= Beginning of Section =

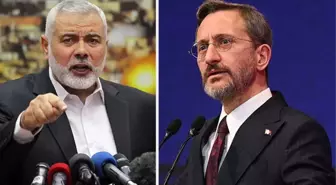 Fahrettin Altun, Instagram açılır açılmaz Haniye'yi andı, yorumlar peş peşe geldi: Sıkıyorsa kaldırsınlar
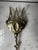 1960s Vintage Italian Baroque-Style Serving Set Spoon and Fork For Sale - Image 5 of 12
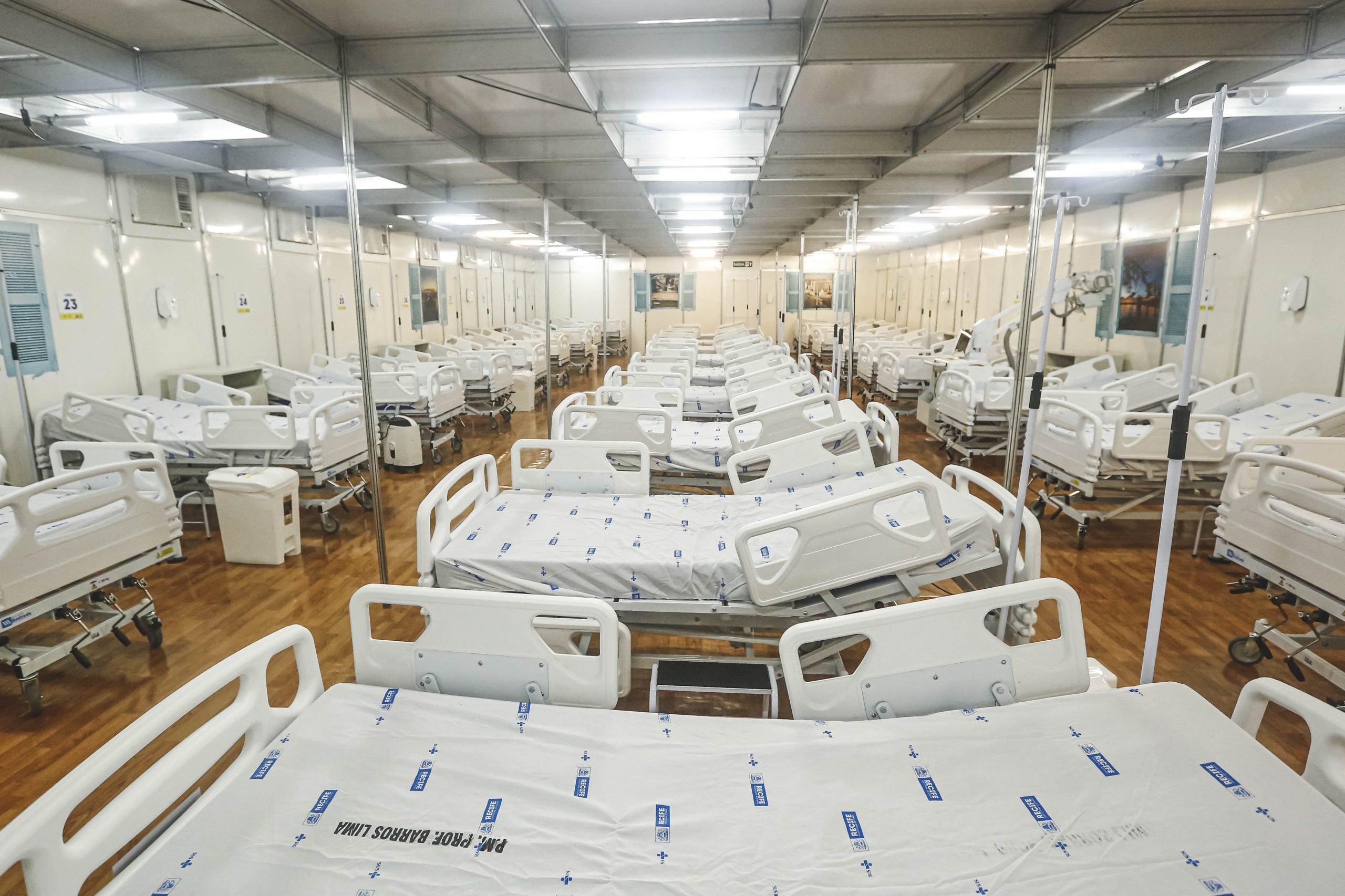 Como ser&aacute; o futuro depois que os ambulat&oacute;rios come&ccedil;arem a ser esvaziados? Foto Andrea Rego Barros / Fotospublicas 
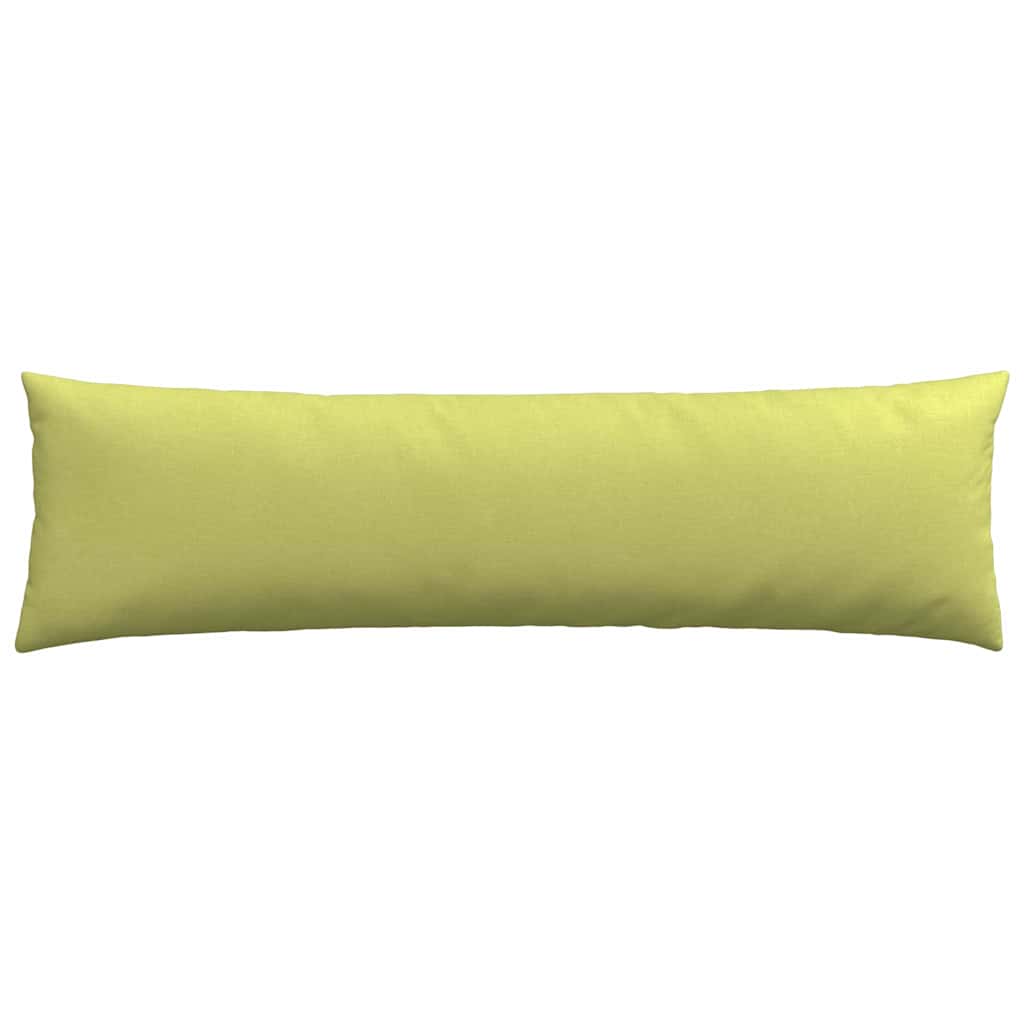 Sofa Pagalvės 2 pcs Šviesiai žalia 145 x 40 cm audinys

= End of Section =

Problem details
Copy out all the data without changing anything, and drop the pictures.

Exercise solution
 Fahrettin Altun, Instagram açılır açılmaz Haniye'yi andı, yorumlar peş peşe geldi: Sıkıyorsa kaldırsınlar
 1960s Vintage Italian Baroque-Style Serving Set Spoon and Fork For Sale - Image 5 of 12
 Como ser&aacute; o futuro depois que os ambulat&oacute;rios come&ccedil;arem a ser esvaziados? Foto Andrea Rego Barros / Fotospublicas 
 Sofa Pagalvės 2 pcs Šviesiai žalia 145 x 40 cm audinys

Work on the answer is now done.